神奈川県内の横須賀・厚木在日米軍基地で、
発がん性も指摘される有機フッ素化合物「PFOS」と「PFOA」の流出が5月以降、相次いでいる。
体内に蓄積すると、がんの発症や胎児異常などを引き起こすおそれがある。
発端は5月4日、米海軍横須賀基地の東側にある排水処理場で、
「特異な泡」が排水処理業者によって発見されたことだ。
米軍側が5月9日と7月6日に処理場から出てくる汚水を採取すると、
PFOSとPFOAの合算値は、いずれも国の暫定目標値の2倍を検出。
有害物質を吸着するフィルター設置などの対策を約束した。
ところが、8月に採取したサンプル調査の結果では、処理場の生活排水の出口から、
暫定目標値の172倍、産業排水の出口で109倍とこれまでをはるかに上回る数値を検出。
さらに、米海軍は6日の上地市長との面会の際、公表されていなかった生活排水の入り口で、
新たに222倍検出されたことを明らかにした。
横須賀市の在日米海軍司令部で6日、司令官のカール・ラティ少将らと面会した、
上地克明市長は「極めて遺憾。厳重に抗議する」と強い口調で不満をあらわにした。
面会後の取材にも「ここまで信頼が揺らいだのは初めて」と述べた。
ラティ少尉は「不安な気持ちを抱かせ申し訳ない」と謝罪。
「特異な泡」が発見されてから5カ月経っても検出され続けており、原因も分かっていない。
処理水は東京湾に排水されているが、市の排水停止の要求に、
米海軍側は「基地住民の移転が必要になるので不可能」と拒否している。
県などは6日、環境補足協定に基づき、県内では初めてとなる米海軍厚木基地を立ち入り調査をした。
ただ米軍側からは原因や流出量などついては説明がなかったうえ、
県などが求めていた発生元とみられる格納庫の現場確認は許可されず、原因の特定には至っていない。
横須賀市の上地市長は防衛相に立ち入り調査を求めている。
ラティ少尉は6日、面会した横須賀市の上地市長に対し、
「立ち入り調査については日米両政府で実現できるよう努力したい」と説明するが一向に進まない。
日本政府の弱腰と、米軍の非協力的対応は日本国民を嘲笑うかのような態度だ。
PFOSとPFOAは水や油をはじき熱に強いなどの性質があり、はっ水剤や消火剤などに用いられてきた化学物質。
近年環境中で分解されにくく、人体に蓄積されやすい性質が明らかになり、
国内では化学物質審査規制法でPFOSは2010年から、PFOAは21年から製造・輸入が原則禁止された。

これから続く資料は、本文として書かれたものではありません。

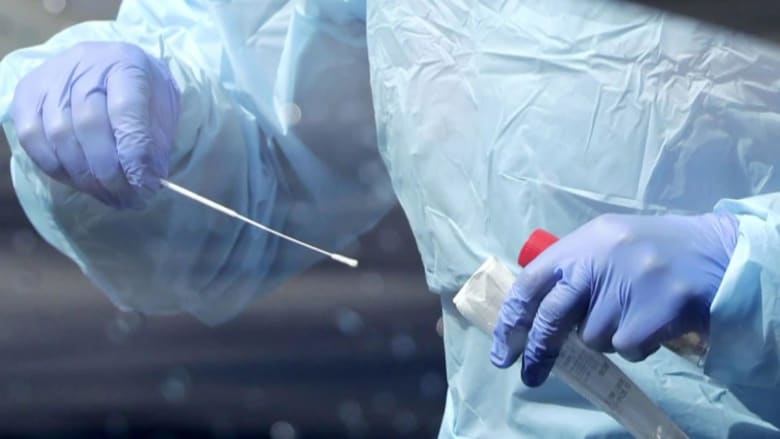 People who’ve had coronavirus should beware ‘false sense of security,’ doctor says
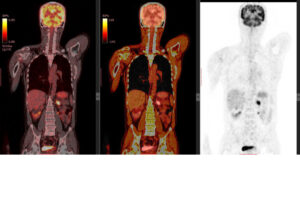 פענוח pet ct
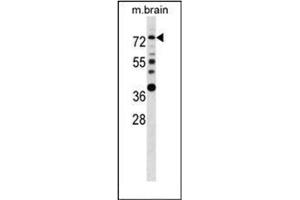 Western blot analysis of Estrogen receptor alpha  Antibody  in mouse brain tissue lysates (35ug/lane). (Estrogen Receptor alpha Antikörper  (AA 53-301))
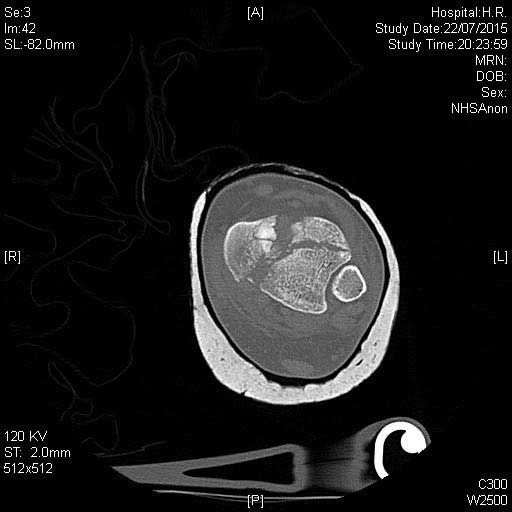pilon-ct-axial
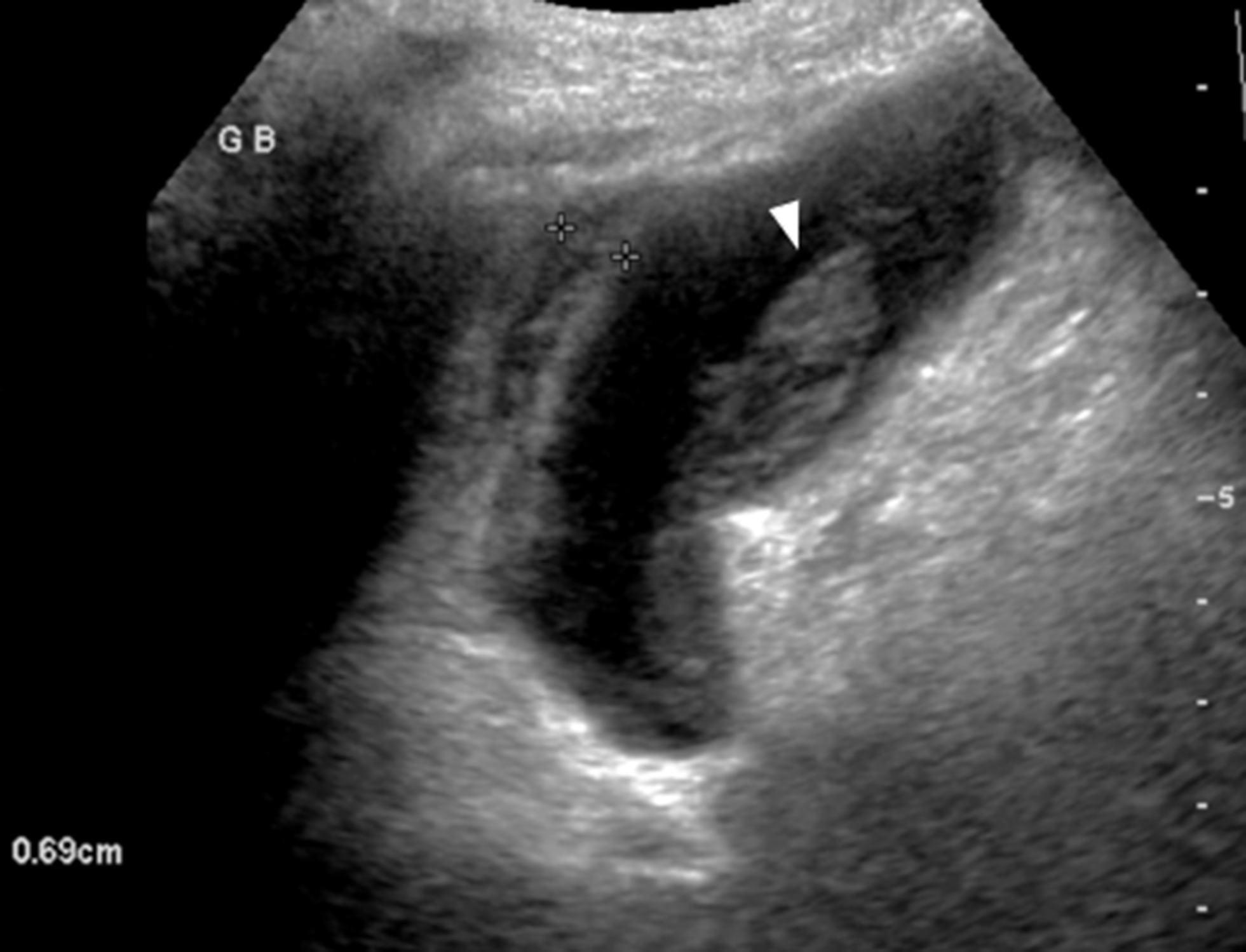Abdominal_Rad's tweet card. Abdominal Radiology - In this review, we highlight current understanding of the pathogenesis of acalculous cholecystitis, as well as its key imaging and clinical features. We also review what...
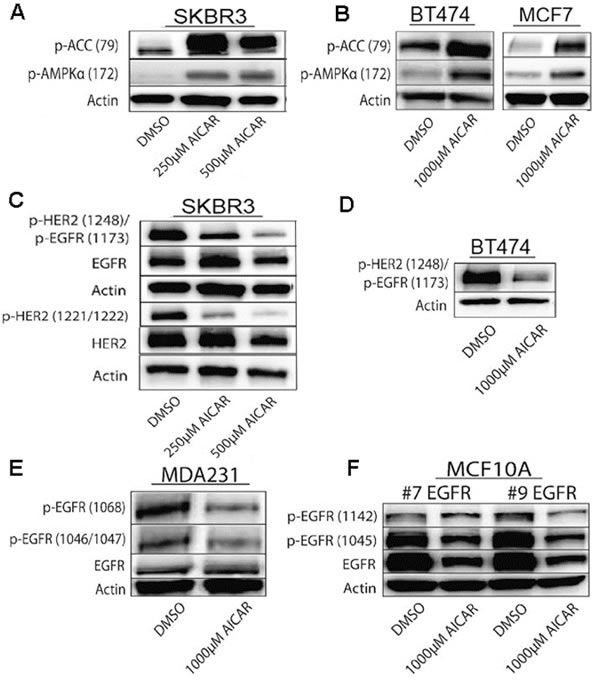 AICAR treatment activates AMPK in breast cancer cell lines.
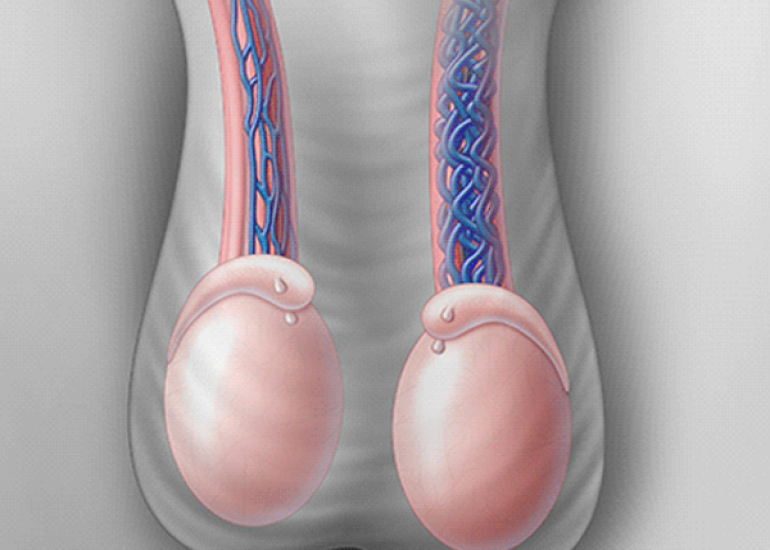 वैरिकोसेले क्या है? कारण, लक्षण और इलाज | What is Varicocele in Hindi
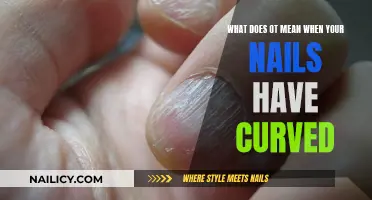 Curved Nails: What Your Nail Shape Says About Your Health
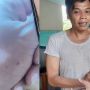 Ngeri! Warga Tangsel Digigit Kobra, Terasa Melepuh dan Tangan Mati Rasa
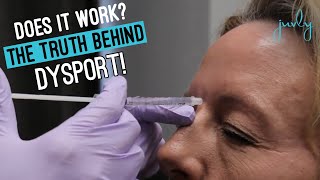 Watch the TRUTH Behind Dysport Wrinkle Relaxer at Juvly Aesthetics  Does it Work [upl. by Nahte786]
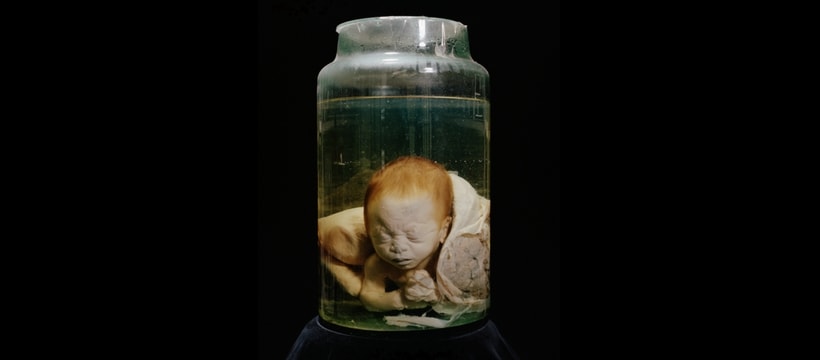 bebe dans du formol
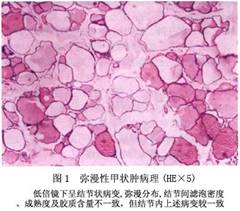 散發性甲狀腺腫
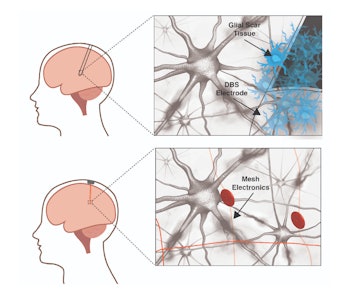 A traditional neural electrode (top panel) provokes an immune response in the brain while a mesh ele...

一方、過去に製造されたPFOSを含んだ泡消火剤の使用は禁止されていない。
市が9月7日に7カ所で行った海水の調査では目標値内に収まっていたという。
この危険な毒物が垂れ流しになっており、東京湾が汚染されている。
この特殊な液体が何処から漏れているか分からない筈がない。
日本政府はだんまりを決め込んでいる。